Task details:
Among the lines of data below, reproduce only those from the one with "Квадра приступила к" through the one with "ÉVÉNEMENT OCTOBRE DÉMARRE EN FORCE !", exactly as they stand, both ends included.

Data to examine:
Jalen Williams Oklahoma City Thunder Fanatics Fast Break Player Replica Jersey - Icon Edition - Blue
...
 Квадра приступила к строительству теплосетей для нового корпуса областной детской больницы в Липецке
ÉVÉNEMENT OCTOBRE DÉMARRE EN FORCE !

Result below:
 Квадра приступила к строительству теплосетей для нового корпуса областной детской больницы в Липецке
ÉVÉNEMENT OCTOBRE DÉMARRE EN FORCE !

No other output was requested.